In conclusion, the overall findings suggest that Chinese females are a higher risk group, both in terms of suicide attempts and suicidal behaviour. Smoking and alcohol use are central risk factors associated with suicidal behaviour. The elderly aged 50 years and over are at higher risk, followed by adolescents and youths aged 15-24 years. In addition to smoking and alcohol abuse, a history of medical complications and social problems are other factors that may contribute to suicidal ideation among patients with depressive disorders.
The small sample size is one of the main limitations of this study. Furthermore, this was a retrospective study it is possible that some information such as patient socio-economic and financial profile, clinical symptoms and other social or medical predictors that may help us in drawing a pin point conclusion were missed or not recorded in the medical records.
There is an immediate need to improve the management of patients’ records at the psychiatric clinics in Malaysia. Certain demographic information, such as occupation, employment information, social issues, and income status, which may be helpful in uncovering the risk factors for suicidal ideation, are often missing in the medical records. The Ministry of Health Malaysia should link all the psychiatric healthcare settings through online software that covers all aspects, such as date of registration, diagnosis, types of symptoms reported, proposed therapy, suicidal thoughts, suicide attempts, follow-up, recovery, and default rate.
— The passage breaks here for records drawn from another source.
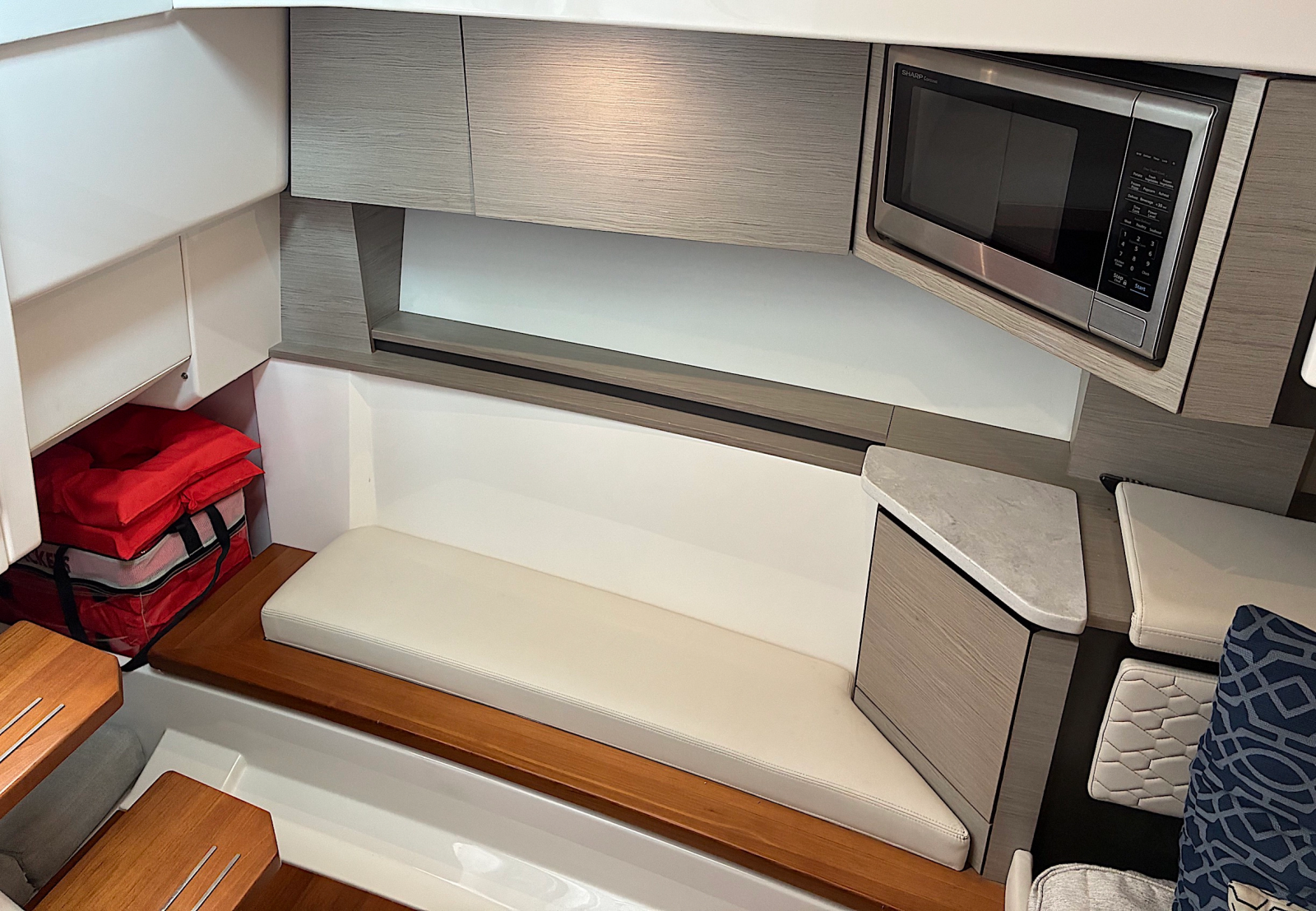 2022 Tiara Yachts 43 LS
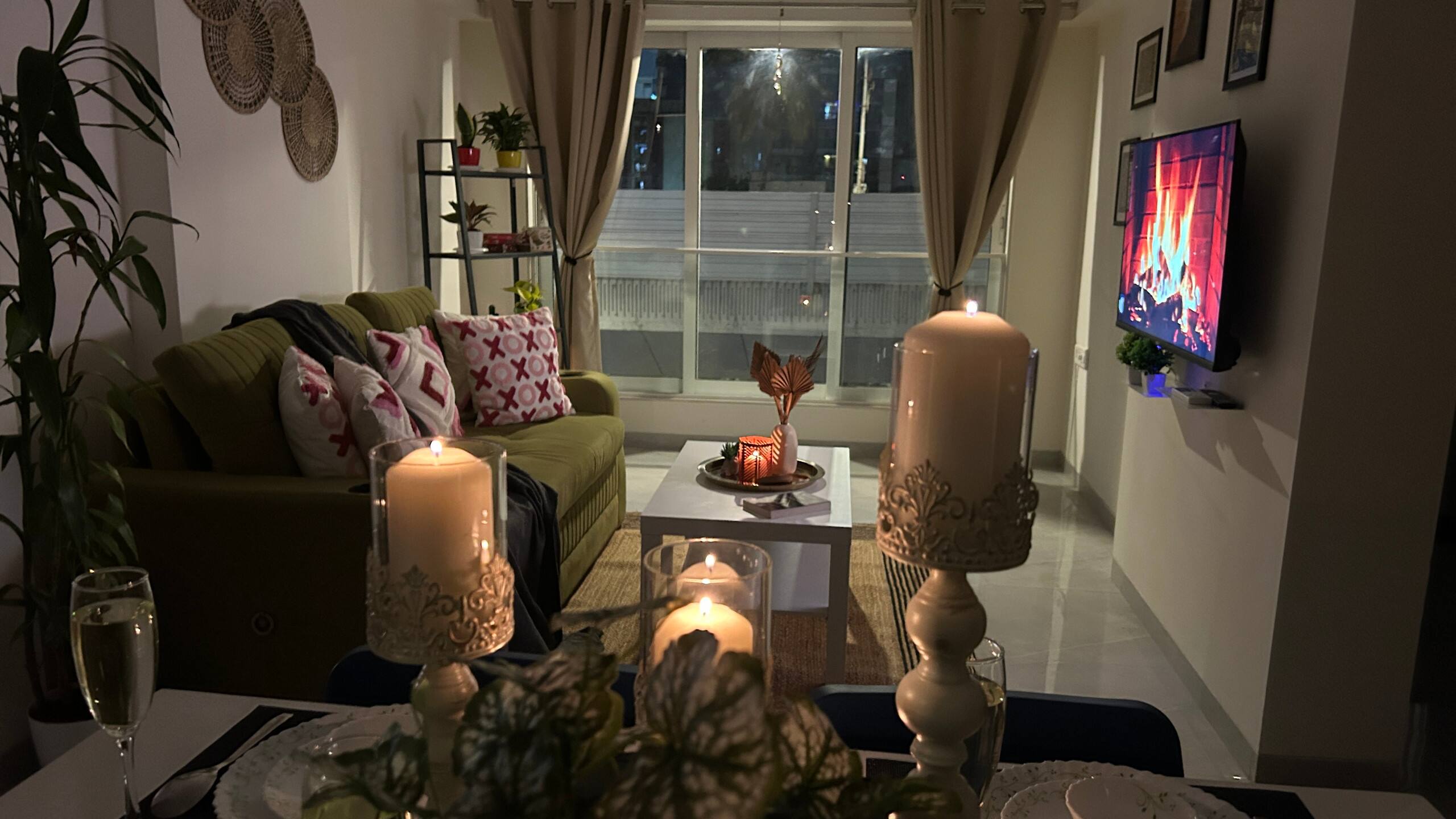 Casa kaleido 2BHK near BKC NMACC Gym access - Tap to explore photos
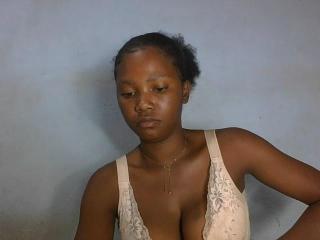 MaviTrikiNot live cam model at XLoveCam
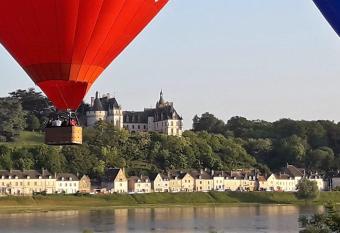 Le Motu Loire allows 18 year olds to book a room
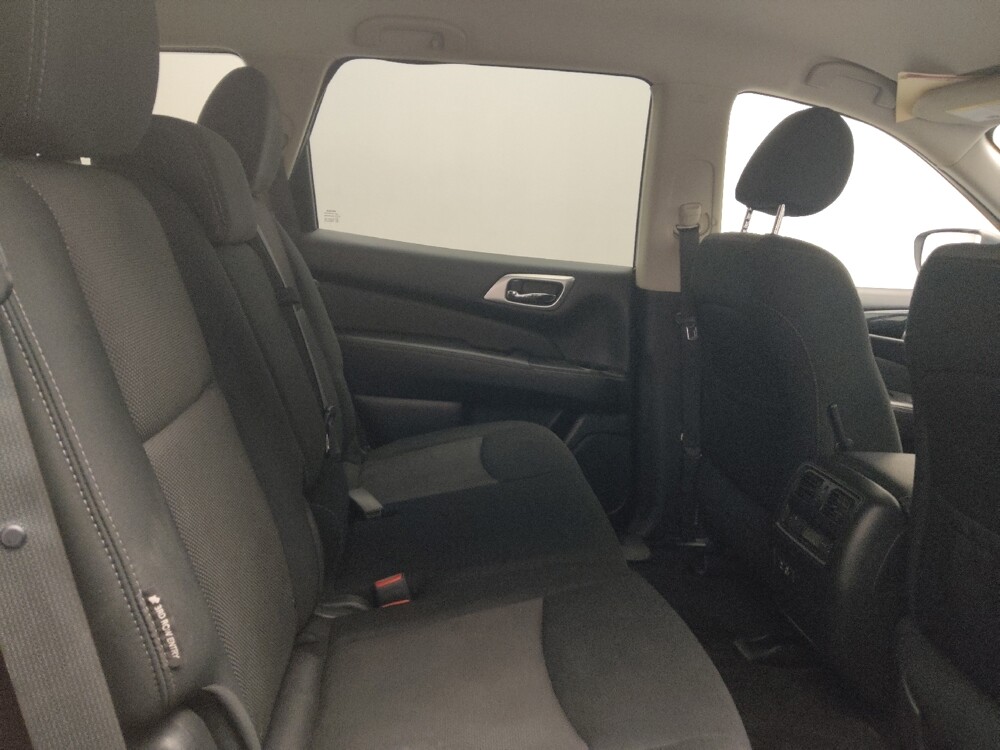 2020 Nissan Pathfinder in Columbus, GA 31909 - 18111642 19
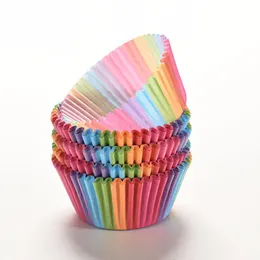 Partihandel-100 st Rainbow Cupcake Paper Liner Muffin Väskor Koppkaka Bakning Ägg Tårtor Bricka Kök Tillbehör Pastry Decorating Tools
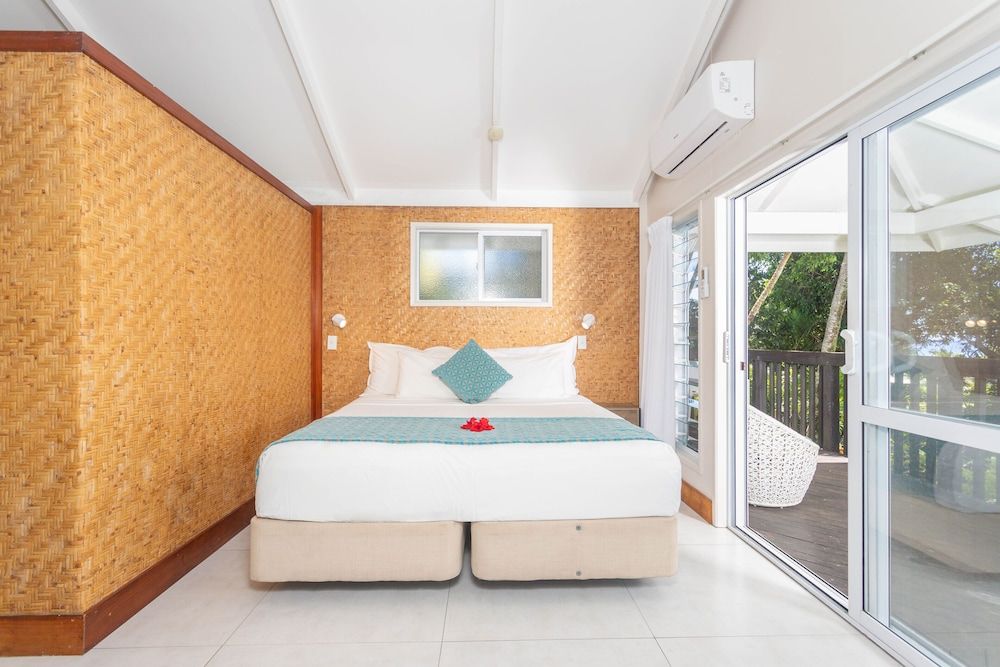 Standard Bungalow, Partial Lagoon View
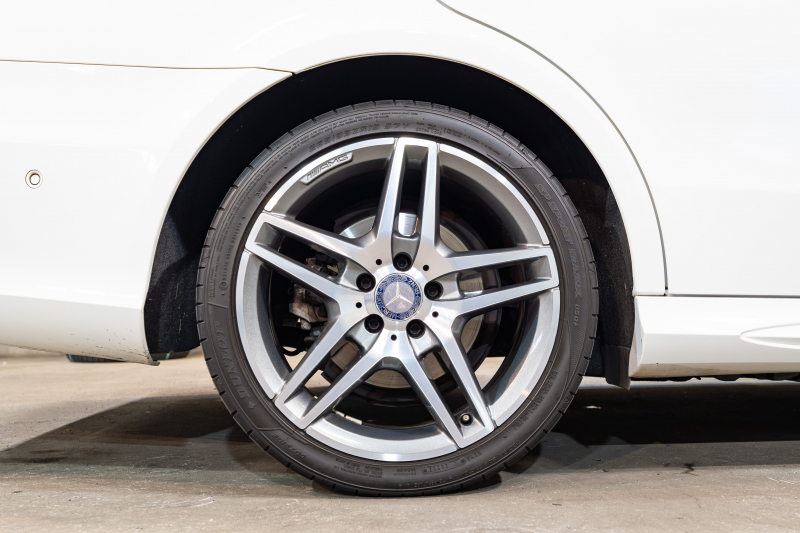 メルセデスベンツ Eクラス E250 AVG AMGｽﾎﾟｰﾂ&ﾚｰﾀﾞｰｾｰﾌﾃｲPKG　 後期ﾓﾃﾞﾙ 黒半革 ｼｰﾄﾋｰﾀｰ ｱﾝﾄﾞﾛｲﾄﾞﾅﾋﾞ 360ｶﾒﾗ LEDﾍｯﾄﾞﾗｲﾄ AMGｴｱﾛ&18ｲﾝﾁAW　2年保証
This initiative would not only help the Ministry to get mental health updates in Malaysia but also help to design some strategies for the management of patients with suicidal ideation. Once patients with suicidal ideation are identified, community psychiatric care services can help in preventing suicidal attempts by such patients.
Randomised trials can be designed to further study the correlation between smoking and alcohol abuse on the one hand and suicidal attempts and suicidal ideation on the other. There is also a need to study the nexus of social, ethnic, and cultural issues with the incidence of suicidal behaviour. Finally, it would be more effective if future studies focus on the monthly rather than annual incidence of suicide, as such data may provide insights into the effects of seasonal, economic, or regional changes.